Introducing GTM‑BENCH
API Partners

We're introducing GTM-Bench, an open benchmark for go-to-market agents. GTM-Bench was built to evaluate whether AI systems can complete real prospecting work end to end: infer what a seller offers, define an actionable ideal customer profile, retrieve matching accounts and contacts, and support every record with evidence.
Each task consists of a natural-language instruction, a controlled data environment, and a requirement that the agent produce three reviewable artifacts: an offer summary, an ICP, and a ranked prospect list. This structure mirrors how prospecting work is actually briefed, performed, and reviewed on GTM teams.
The first version includes 72 tasks across 11 task types and 15 market categories, designed from a taxonomy of 59,881 real prospecting queries submitted to Bebop.ai.

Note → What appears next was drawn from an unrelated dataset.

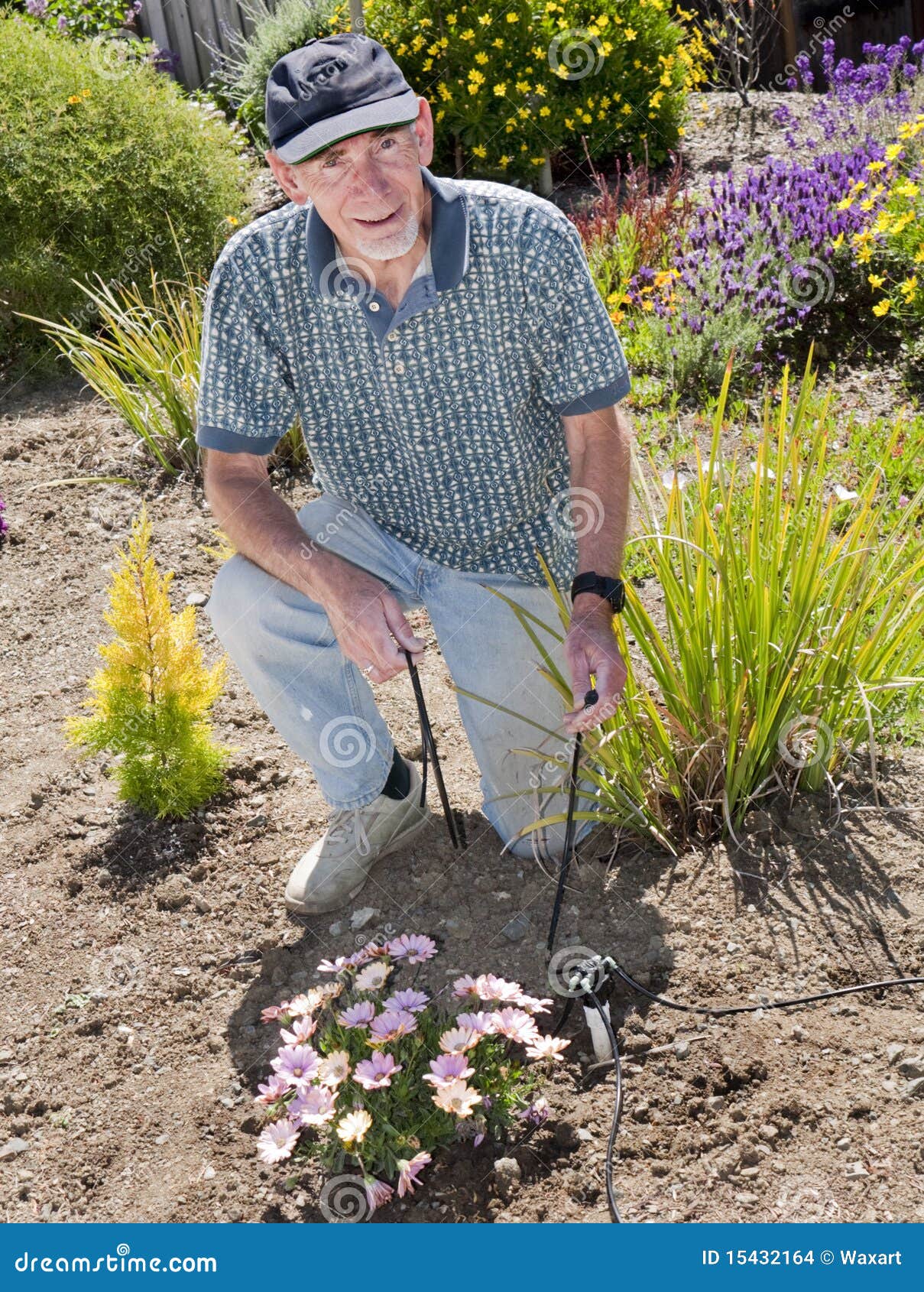 Drip Irrigation System In Field Stock Photography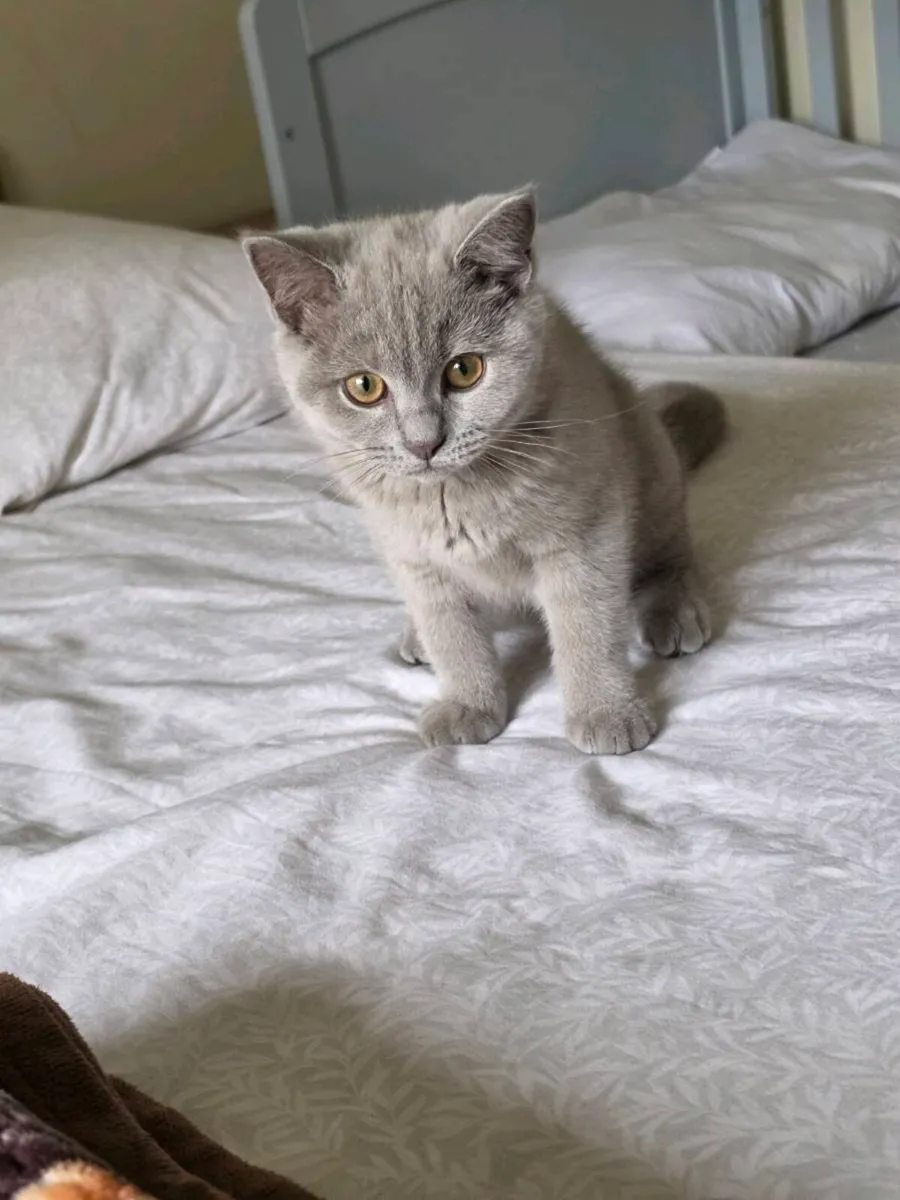 Beautiful Male British Shorthair – Mailo 🐾💙 - Image 4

We are releasing the task catalog, agent harness, evaluation code, benchmark calculation code, and leaderboard to give model providers, agent builders, researchers, and GTM teams a shared way to measure progress.
You can find the open-source release at gtm-bench.ai
Most AI benchmarks don't capture the shape of real GTM work.
At Blackpearl, we have spent the past several years building AI systems for go-to-market work. That has forced us to think hard about how to measure whether these systems are actually any good at it.
To date, there has not been a benchmark that isolates the GTM lead-generation problem. Existing evaluations such as CRMArena, CRMArena-Pro, and Microsoft's Sales Research Bench test business-system reasoning: customer service, information retrieval, and grounded reporting over sales data. In coding, benchmarks like SWE-bench and Terminal-Bench became leading indicators of agent capability. GTM has had no equivalent, which means buyers compare systems on demos rather than outcomes.
The gap matters beyond our own industry. Poor matching wastes sales budgets and fills inboxes with irrelevant outreach, and AI has made outbound generation nearly free. A benchmark that rewarded agents for returning more rows would encourage exactly the wrong behaviour.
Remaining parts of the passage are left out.